Introduction : Principes
généraux de l’organisation administrative
I. Centralisation
et décentralisation
1. Centralisation
C’est le système qui ne reconnaît pas l’existence juridique
des collectivités territoriales et qui concentre la gestion des affaires
nationales et locales entre les mains du pouvoir central.
La centralisation est susceptible de deux modalités : la
concentration et la déconcentration
a. La
concentration
Dans ce système toutes les décisions sont prises par le
pouvoir central et exécutées ensuite sur place par des agents qui représentent
les autorités centrales, et ces représentants locaux sont des fonctionnaires.
Dans un tel système, le pouvoir de décision se trouve
entièrement concentré au sommet de la hiérarchie entre les mains des agents
centraux (ex. les ministres).
Ce système a des avantages mais beaucoup d’inconvénients.

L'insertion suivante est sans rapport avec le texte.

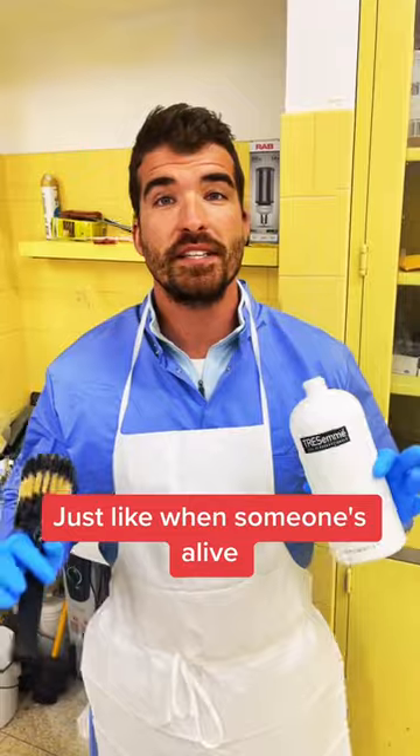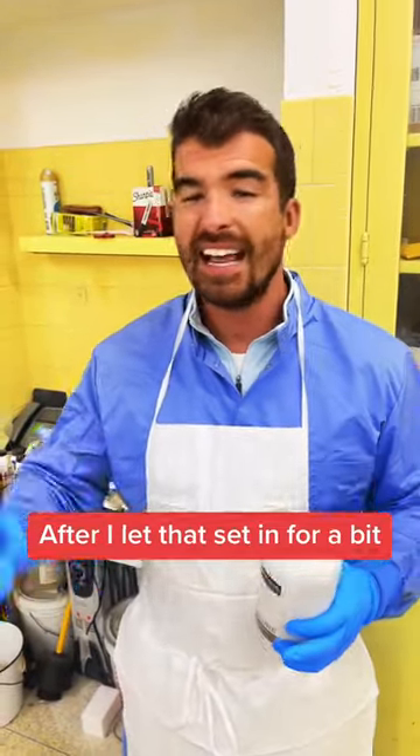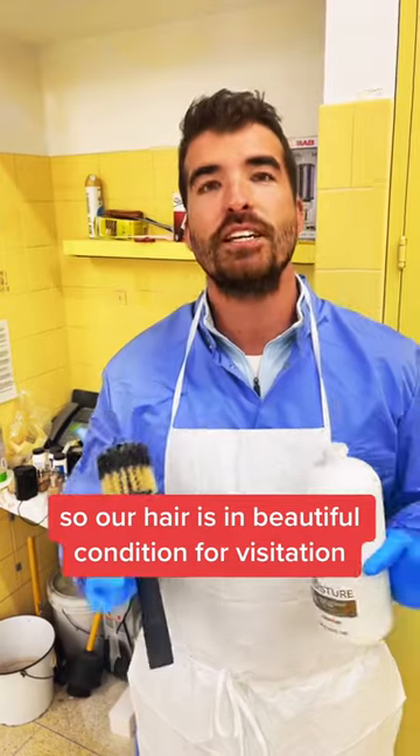Just like when someone's alive, the conditioner is gonna help alleviate those knots. After I let that set in for a bit, I take a heavy-duty brush and I will brush out any knots that we have left, so our hair is in beautiful condition for visitation.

Parmi ses avantages c’est la rapidité des décisions, les résultats obtenus sont
rapides puisqu’il n’y a qu’une seule volonté qui part du sommet de l’Etat
jusqu’à la base.
Mais ses inconvénients sont nombreux : d’abord le pouvoir
central risque d’être débordé par le nombre d’affaires à traiter et par la
complexité des tâches quotidiennes qui ne cessent de se multiplier et de se
développer.
Autre inconvénient de ce système c’est que les autorités
centrales sont trop éloignées des affaires locales et des intérêts locaux.
b. La
déconcentration
C’est le système d’organisation administrative qui consiste
à remettre d’importants pouvoirs de décision dans des matières plus ou moins
étendues à des agents locaux répartis sur l’ensemble du territoire national et
liés au pouvoir central par une obéissance hiérarchique.

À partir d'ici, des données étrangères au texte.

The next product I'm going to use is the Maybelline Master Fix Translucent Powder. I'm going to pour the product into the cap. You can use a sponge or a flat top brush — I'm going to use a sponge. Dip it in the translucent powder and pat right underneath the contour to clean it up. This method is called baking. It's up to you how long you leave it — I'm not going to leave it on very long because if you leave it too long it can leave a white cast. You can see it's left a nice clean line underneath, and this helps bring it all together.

Cette modalité permet de décharger le pouvoir central et
d’obtenir des décisions mieux élaborées et mieux adaptées aux exigences
locales.
Son inconvénient c’est que les organes locaux sont dans une
situation de dépendance à l’égard du pouvoir central (celui-ci peut annuler des
décisions prises au niveau local).
2. Décentralisation
C’est le système administratif par lequel l’Etat permet à
d’autres personnes morales que lui d’assurer la gestion de certains services
publiques. Il convient de distinguer à ce propos la décentralisation
territoriale de la décentralisation technique (ou par décentralisation par
service).
a. La
décentralisation territoriale
Consiste à reconnaître la personnalité juridique à des
collectivités géographiquement délimitées spécialement crées par la loi et qui
sont au Maroc les régions, les préfectures et les provinces ainsi que toutes
les communes urbaines et rurales. Ces collectivités territoriales jouissent
d’une certaine autonomie juridique et financière par rapport au pouvoir
exécutif (le pouvoir central). Ces collectivités locales élisent leurs assemblés
propres qui sont chargés de gérer leurs affaires locales.
b. Décentralisation
technique
Qui repose sur l’idée que certains services publiques
déterminés comme par exemple la santé publique, l’enseignement public, peuvent
être assurer par la création d’une personne morale de droit public spécifique
appelée établissement public, ayant pour mission la gestion de ses différents
services publics , il existe en effet deux types d’établissements publiques au
Maroc : d’un côté les établissements public administratifs comme par exemple
les Universités, et d’autres part les établissements public industriels et
commerciaux comme par exemple l’ONEE, le CDG, l’ONCF..
II. Pouvoir
hiérarchique et pouvoir de tutelle
a. Pouvoir
hiérarchique :
C’est le pouvoir qu’une autorité supérieure possède sur ses
subordonnés, il n’est pas conditionné par un texte juridique et il s’exerce
souvent au sein d’une seule personne morale (pouvoir du gouverneur sur le caïd
par exemple). Il implique un pouvoir de nomination, de substitution (une autorité
supérieure peut prendre une décision à la place d’une autorité subordonnée et
elle peut même annuler sa décision) et de discipline (sanction des
fonctionnaires).
b. Pouvoir de
tutelle :
Un pouvoir de contrôle et d’approbation conditionnée par
l’existence d’un texte juridique (pas de tutelle sans loi). Il est souvent
exercé par l’Etat sue les Collectivités territoriales et les établissements
publics.
III. Principe de
la légalité
Le principe de légalité se définit comme la soumission de
l’administration au droit.
Une norme établie par l’administration (ex : décret, arrêté)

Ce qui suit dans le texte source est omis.